African-American critics in particular challenged the intensified imperialism, as they saw it. Black leaders like W. E. B. Du Bois, Paul Robeson, and Harry Haywood believed it was dangerous, not to mention hypocritical, for the United States to spread its values and institutions abroad while maintaining a system of apartheid in its southern states. In particular, black spokespersons began to point out the common struggles of Africans trying to gain their national independence from colonial powers and of blacks in the United States seeking civil rights. Americans could hardly lead the "free world" by example, they argued, while maintaining legal segregation at home and endorsing continued colonization in Africa and other parts of the Third World. Although many mainstream black leaders supported the Cold War, hoping to parlay their loyalty to foreign policies into a commitment to act against racism at home, Du Bois, Robeson and others offered a more critical analysis, even invoking a Leninist critique of capitalist expansion and looking to the Soviet Union as an anti-imperialist model and champion of the rights of nonwhite peoples. Paul Robeson condemned Winston Churchill's "Iron Curtain" speech as a scheme for "Anglo-Saxon domination" of the world, and called for "united action of all democratic forces to achieve freedom for all colonial and subject peoples."

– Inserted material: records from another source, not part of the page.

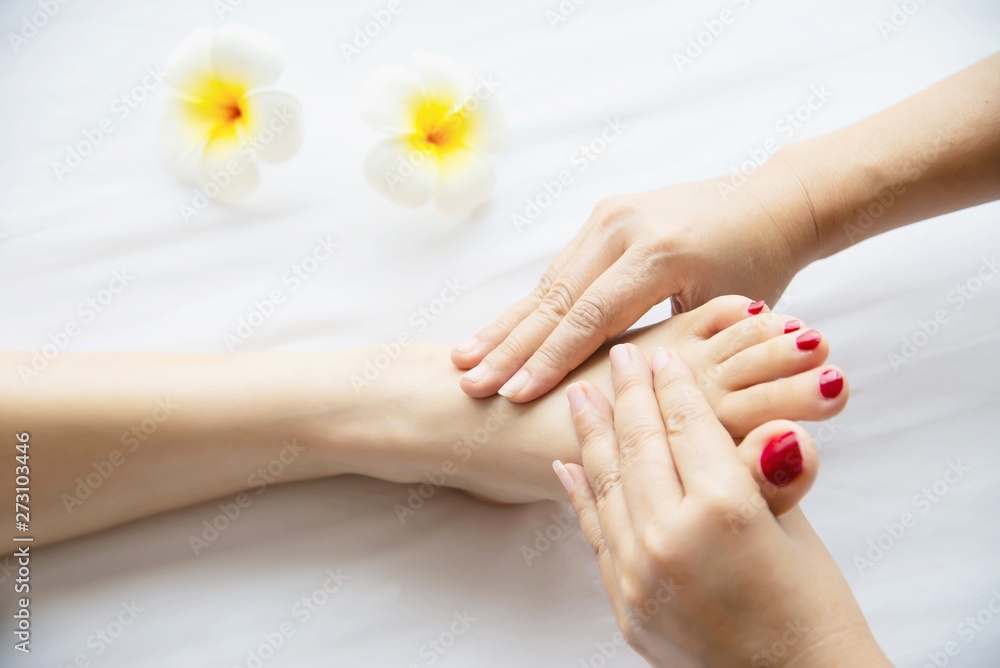 Woman receiving foot massage service from masseuse close up at hand and foot - relax in foot massage therapy service concept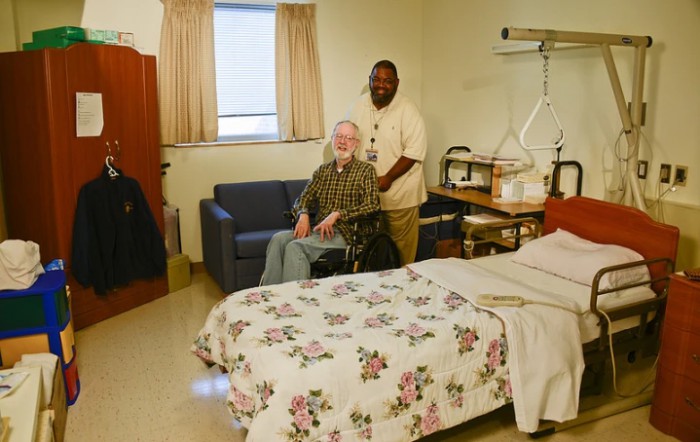 A caregiver stands beside a patient in a wheelchair in a hospital room.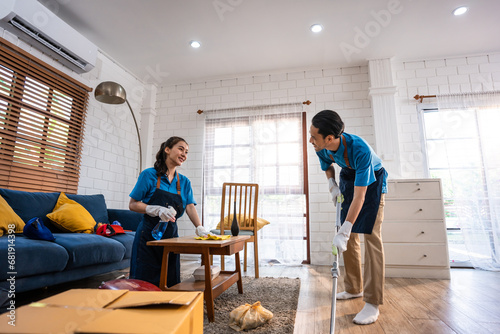 Asian young man and woman cleaning service worker work in living room. photo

Views such as Robeson's, however, were not conventional wisdom, even in the black community, and most Americans accepted the new global role ushered in by the Cold War. Throughout the 1950s, then, the United States, without much dissent, intervened in a civil war in Korea, overthrew governments in Iran and Guatemala, offered economic and military support to military dictatorships throughout the globe, and continued to expand the Open Door. By the end of the decade, however, some Americans were uneasy with such hegemony, and various figures emerged to again challenge the U.S. empire. Cultural figures such as the beatniks condemned the conformity of Cold War life, the arms race, and the American denial of self-determination in other lands. More powerfully, and perhaps surprisingly, President Dwight Eisenhower, as he was leaving office in 1961, warned against "the acquisition of unwarranted influence … by the military-industrial complex. The potential for the disastrous rise of misplaced power still exists." Such thoughts may have remained a novelty in the 1960s, but U.S. intervention in Vietnam, still limited as Eisenhower left office, would mushroom in the coming years and give rise to a mass antiwar movement that would also question what critics saw as America's imperial behavior overseas and the military-industrial complex at home.

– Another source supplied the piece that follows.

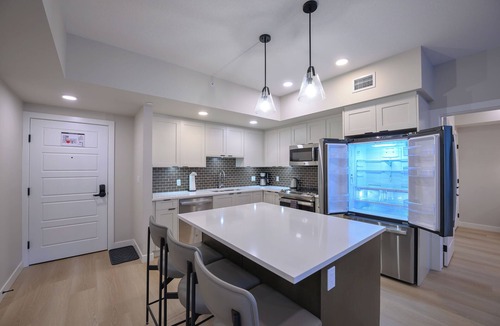 Dead Man's Flats Condo | ☀️Rocky Mountain Creekside Retreat|Top Floor Brand New Unit☀️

As in the 1840s and 1890s, many Americans in the 1960s opposed U.S. intervention in a foreign war and developed a larger anti-imperialist critique as a result of their challenge to the conflict at hand. Even before the major decisions to commit advisers, airpower, and combat forces, and essentially "Americanize" the Vietnam War, there was evident concern over the growing U.S. role in the world. Movements calling for an end to the arms race, peace with the Soviet Union, normal relations with Cuba, and recognition of the People's Republic of China, for instance, were in existence during the presidency of John F. Kennedy, and the Cold War consensus on an aggressive foreign policy, though still noticeable, was being questioned in some quarters. Vietnam accelerated that process, however, and brought about the greatest domestic challenge to American involvement abroad in the twentieth century.
By 1964, as the United States began to conduct air attacks against the National Liberation Front in Vietnam, peace activists, professors, and students were beginning to challenge the growing American role in Indochina and the larger foreign policy context of the cold war. Scholars such as the linguist Noam Chomsky, the historian William Appleman Williams, and the political scientist Hans Morgenthau participated in "teach-ins" on Vietnam, giving rise to a national movement on college campuses and serving as a foundation for the antiwar movement. The Students for a Democratic Society, the largest radical student group of the period, held the first antiwar rally in 1964, and its adherents not only scored intervention in Vietnam but also offered a comprehensive analysis of the leaders of the American "empire," which, they charged, denied self-determination to Third World nations, intervened on behalf of corporate interests, and betrayed American principles. African Americans, engaged in an epic struggle for civil rights, added, as had Du Bois and Robeson earlier, that the United States had assumed the position of a white imperial power suppressing the yearnings for freedom of nonwhite peoples, whether in Indochina or below the Mason-Dixon Line. Martin Luther King, Jr., Nobel Peace Prize winner and civil rights leader, went so far as to call the United States "the greatest purveyor of violence in the world today," while the militant Black Panther Party called on African Americans to refuse to join the military or support U.S. intervention and openly sympathized with Third World revolutionary and anti-imperialist movements.
Politicians entered the debate as well, as they had during the League of Nations fight after World War I. Senators J. William Fulbright, George McGovern, Ernest Gruening, Wayne Morse, Mark Hatfield, Frank Church, and others were, like the progressives of the 1920s, anti-imperialist and internationalist. Fulbright, like Borah, chaired the Senate Committee on Foreign Relations and opposed the policies of the president of his own party. The senator from Arkansas believed that America had "betrayed its own past and its own promise … of free men building an example for the world. Now … it sees a nation that seemed to represent something new and hopeful reverting to the vanity of past empires."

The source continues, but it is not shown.